PROJECT FINANCE

Pumpkin Hollow sign of changing times

Hollowed-out copper development space has few permitted projects ready for new financing climate

Richard Roberts
Pumpkin Hollow sign of changing times

The sizeable investment by Rory O'Neill's Minneapolis-based Castlelake, and overall 10% bigger equity raise than outlined by Nevada Copper (TSX: NCU) in its recent US$378 million financing and recapitalisation plan, helps reduce principal backer Pala Investments' large block stake in the copper developer (below 50% post the current recapitalisation) and adds to the significant new names on the NCU share register.

Castlelake, which has a London office, also adds to the growing investor interest in Pumpkin Hollow on both sides of the North Atlantic.

The technical venture makeover orchestrated by Pala and the Nevada Copper management team has positioned Pumpkin Hollow, which has had substantial pre-development capital sunk in underground (and related surface) infrastructure, as a development-ready asset in a market that has a lot of its small-cap peers facing very long project permitting and financing lead times. But also, essentially, as two projects in the one junior company pipeline, with the much bigger Pumpkin Hollow openpit still waiting in the wings.

The US$180 million initial project should be able to produce at least 50 million pounds of copper a year, plus gold and silver, and generate $60-80 million a year of free cash flow (at current metal prices), for 10-plus years.

That gets Nevada Copper re-rerated as a producer - as early as 2019 - as it stays camped on one of the biggest undeveloped openpit copper resources in the world. There, too, the company has completely switched focus to a smaller, higher-margin ‘starter' mine with the potential to be upscaled, and maybe even internally funded.

It expects to be in position to decide on construction by the end of this quarter and is in the process of finalising an interim EPC service deal and starting the search for an underground development and mining contractor.

This year's sizeable drilling campaign, and ongoing feasibility study refinement, will help Nevada Copper as it continues to fashion a different type of development story to present to the market. An initial 10,000m of drilling will target the higher grade northern pit area at Pumpkin Hollow as well as a "connector" zone between the two conceptual pits that could yield more drill hits like the 37.4m grading 3.96% copper produced a few years ago.

The value-sell from Nevada Copper and its major backer has changed, but it needed to after the false starts at Pumpkin Hollow and many other metals mega-proposals that got stalled on the development runway.

NCU's share price is up more than 8% in the past week, giving the company a market value of about C$72 million (US$58 million). Since the middle of last year they've resumed the long, long climb back up towards the lofty C$6.22/share reached in 2011 when Pumpkin Hollow loomed as another multi-billion-dollar copper project in the making.
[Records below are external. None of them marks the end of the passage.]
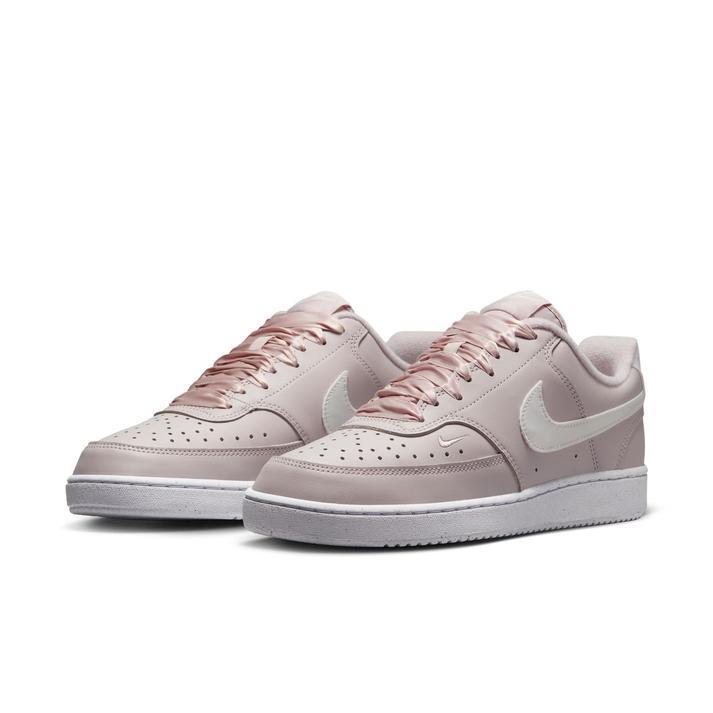 NIKE】 ナイキ W COURT VISION LO NN PLTVLT/SMTWH 国内発送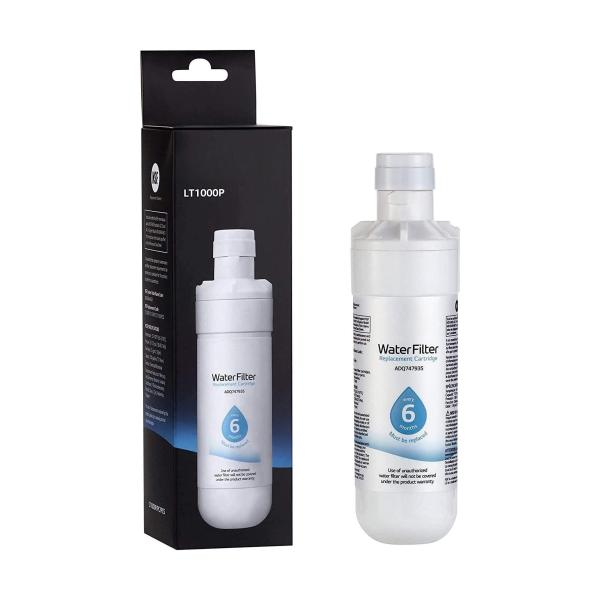 Buy cheap Odor-Eliminating LT1000P 6 Month 200 Gallon Capacity Replacement Refrigerator Water Filter from wholesalers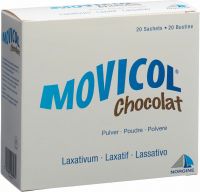 Immagine del prodotto Movicol Chocolat Pulver Beutel 20 Stück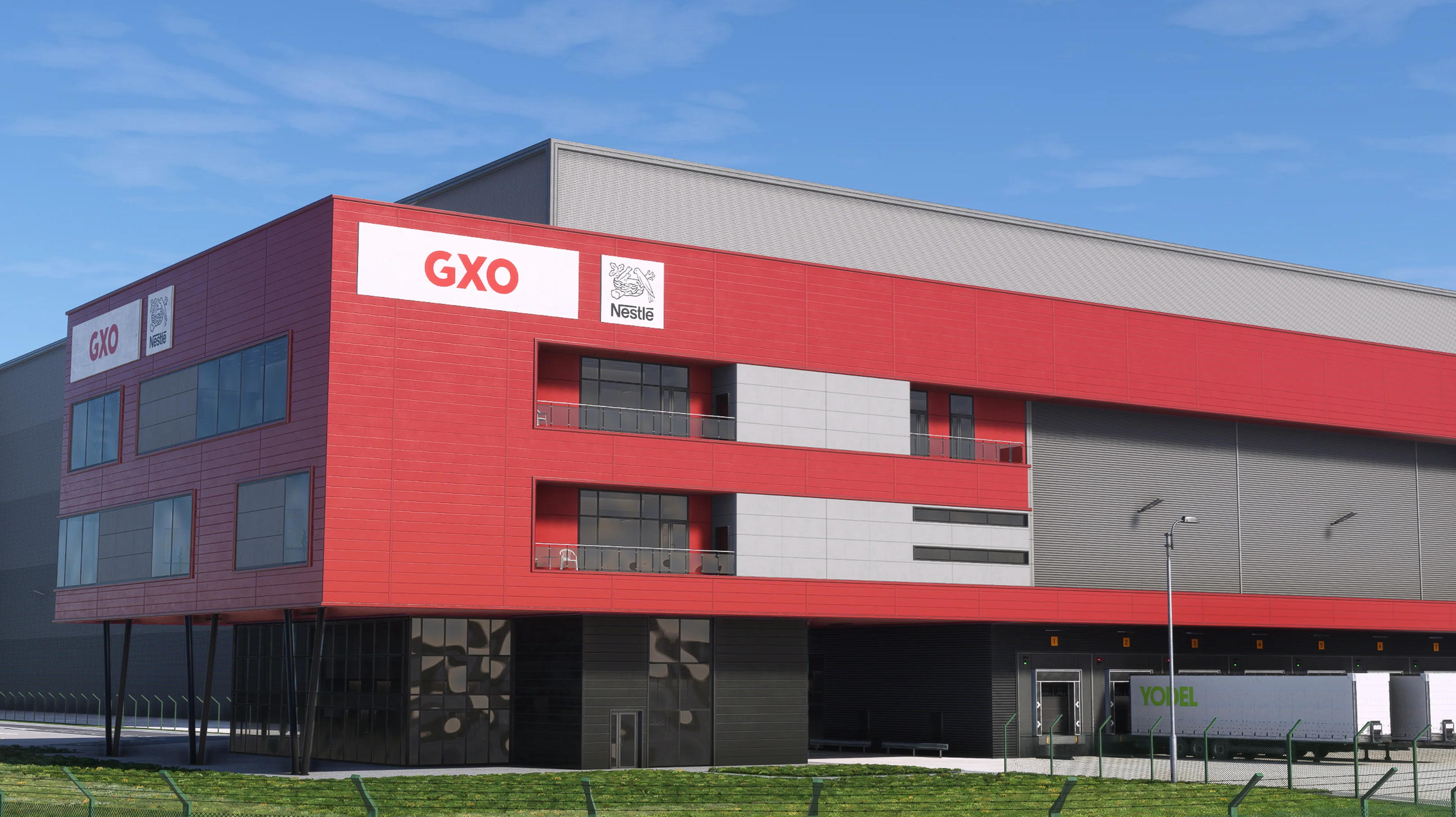 EGNX - East Midlands Airport MSFS - Image 15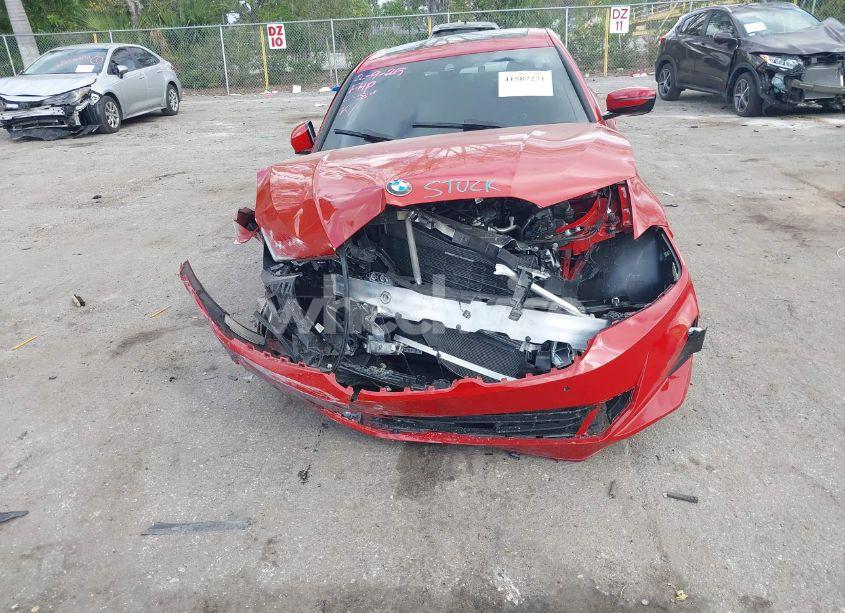 Photo 6 of 2023 Bmw 330i (VIN 3MW69FF05P8D50389)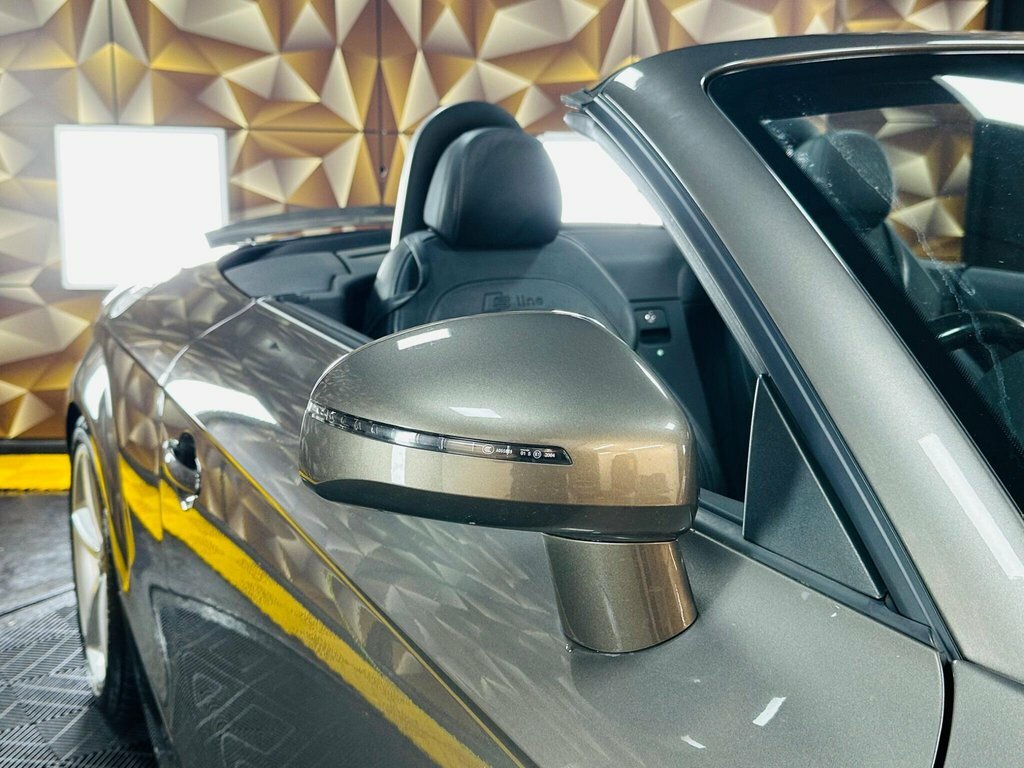 Audi TT 2.0 Tfsi Quattro S Line 211 Bhp Black #8
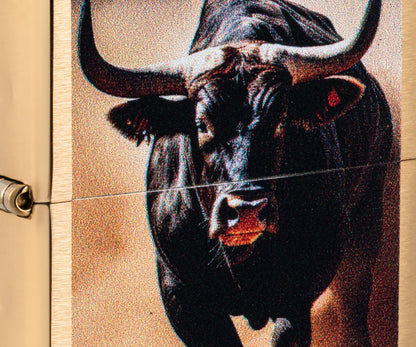 Diseño de encierro de toros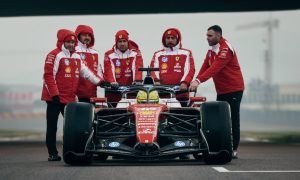 Hamilton ‘massively excited’ for new beginnings with Ferrari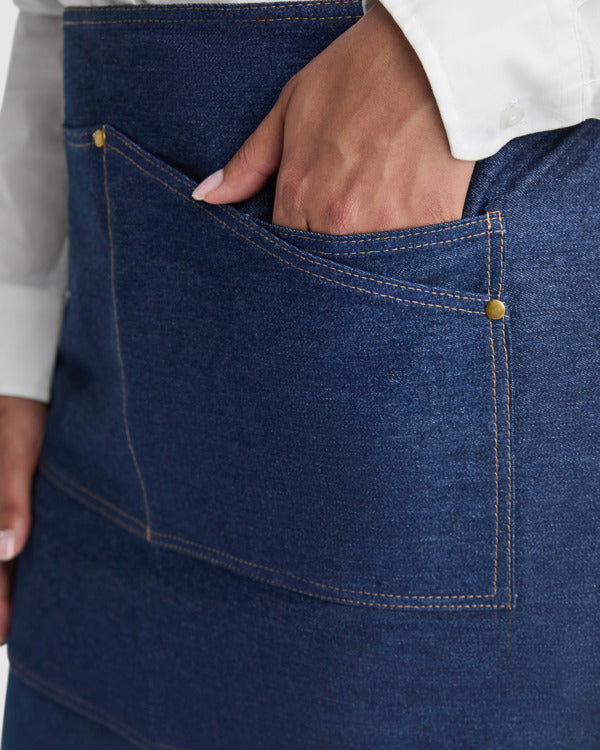 SCHÜRZEN DACOSTA – aus 100% Baumwolle, 250 g/m². – Bild 5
The company is naturally emphatic about progress being made on both the financing and technical fronts, this week saying in a market release the equity financing gave it "substantial funds to continue to advance its 100%-owned Pumpkin Hollow underground copper underground project towards first production, and undertake optimization of its adjacent, permitted, openpit copper project, with the aim of defining a large-scale, higher-margin development option with reduced capital costs".

Nevada Copper's intricate $378 million financing and capital restructuring announced in December included a capital injection via a $70 million streaming deal on Pumpkin Hollow's underground silver output with Triple Flag Mining Finance; $53 million of debt-to-equity conversion by Red Kite Mine Finance and Pala, and a new $80 million loan from Red Kite; a $25 million working capital facility from Concord Resources; and what was then a $90 million equity raise involving the likes of JP Morgan.

Pala was also providing a $60 million "equity backstop".

The $35 million investment by Castlelake elevates it to second biggest Nevada Copper shareholder behind Pala, with a board nominee on the way.

Regeneration of the Nevada Copper story also reaffirms Pala as a financial engineer for mining's new financing future after it surprised with last year's successful US$150 million Cobalt 27 IPO.